Fundición Tipográfica Neufville
- Company type: Font
- Industry: Type foundry
- Headquarters: Barcelona, Spain

= Neufville Typefoundry =

Spanish type foundry

Fundición Tipográfica Neufville or the Neufville Typefoundry is a type foundry in Barcelona and the most important supplier of the printing industry in Spain during the 20th century.

==History==
Discovered punches and matrices testify that the origin of the company goes back to the 16th century, when German printers brought Gutenberg's invention to Spain. The foundry belonged to the convent of San José of Barcelona and in the year 1880 became property of the printing house Narciso Ramírez y Rialp, who sold it in 1885 to the Frankfurt am Main-based Bauer Type Foundry (Bauersche Giesserei). The company continued its operations under the name of J. de Neufville, directed by Jacobo de Neufville, who belonged to a patrician family from Frankfurt, which was involved in the company. He was soon removed from the business for health reasons, and the company became known as “Sucesores de J. de Neufville”.
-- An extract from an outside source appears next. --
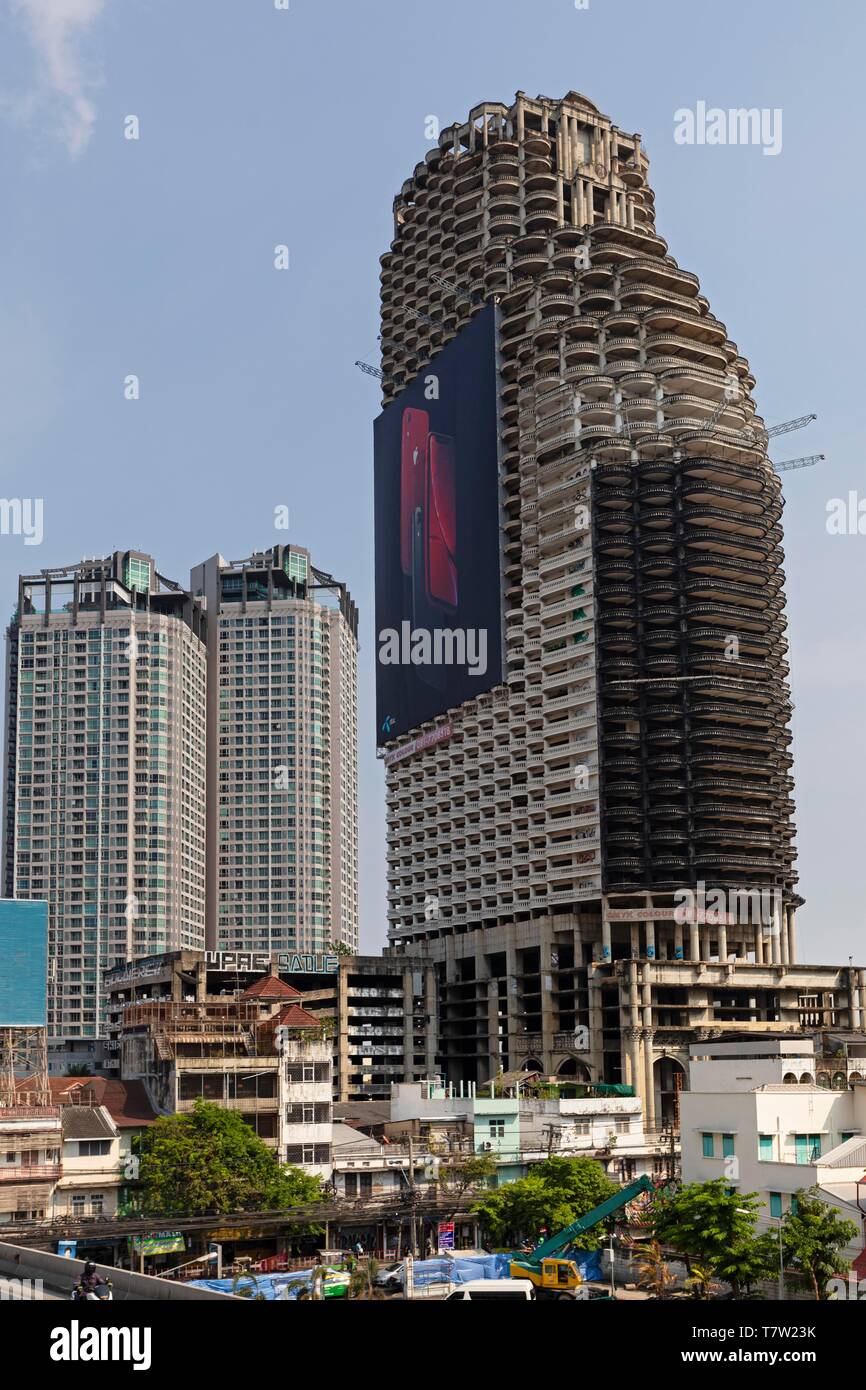 Sathorn Unique Tower Ghost Tower Unfinished Ruin Sathon District Bangkok Thailand Stock Photo Alamy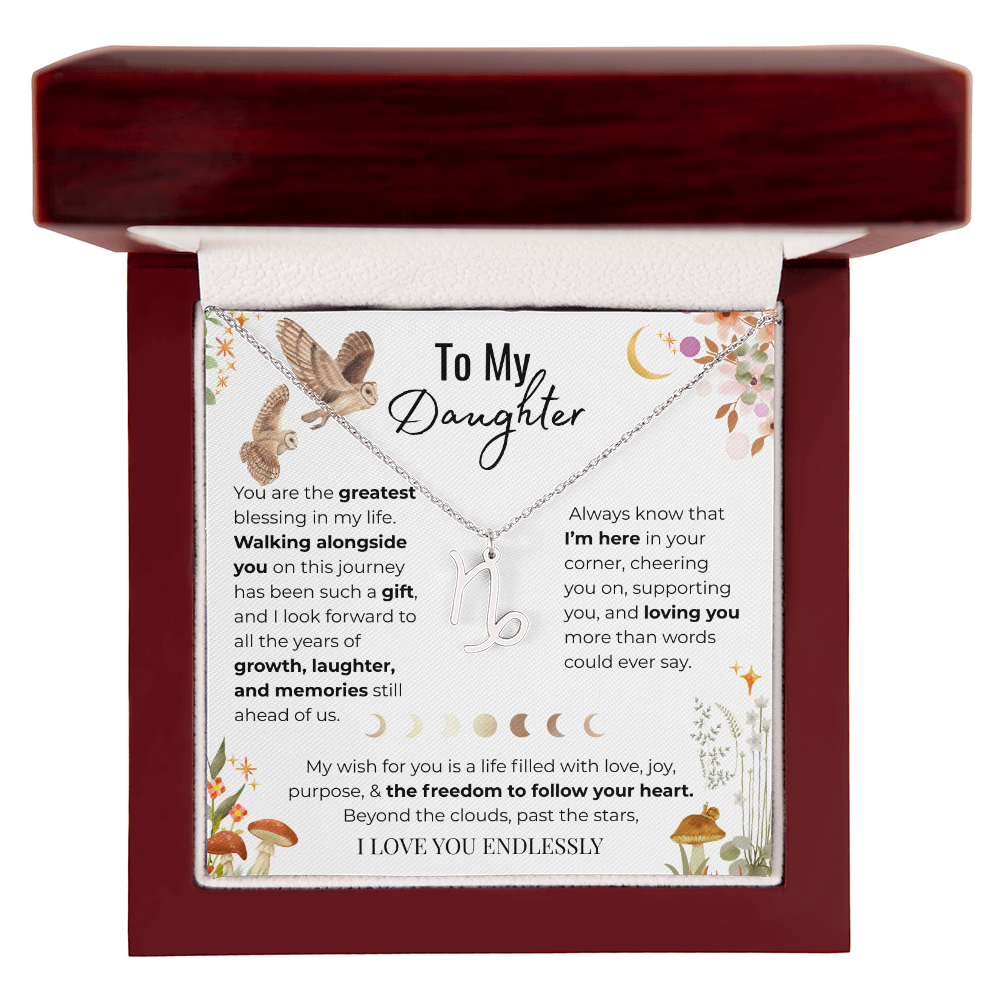 To My Daughter Zodiac Necklace - Owl Magic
In 1922, Carlos Hartmann, son of Georg Hartmann, the owner of the Bauer Type Foundry, turned the company into a Spanish-law society under the name of Fundición Tipográfica Neufville, SA. Under his direction the company started distributing the most prestigious German Printing Machinery, thus acquiring a great popularity in Spain's graphic world.

Contributing to the company's reputation were its educational publications, such as “Anuario Neufville”, published since 1910, and, since 1920, “Crónica Poligráfica”, directed by Eudald Canibell.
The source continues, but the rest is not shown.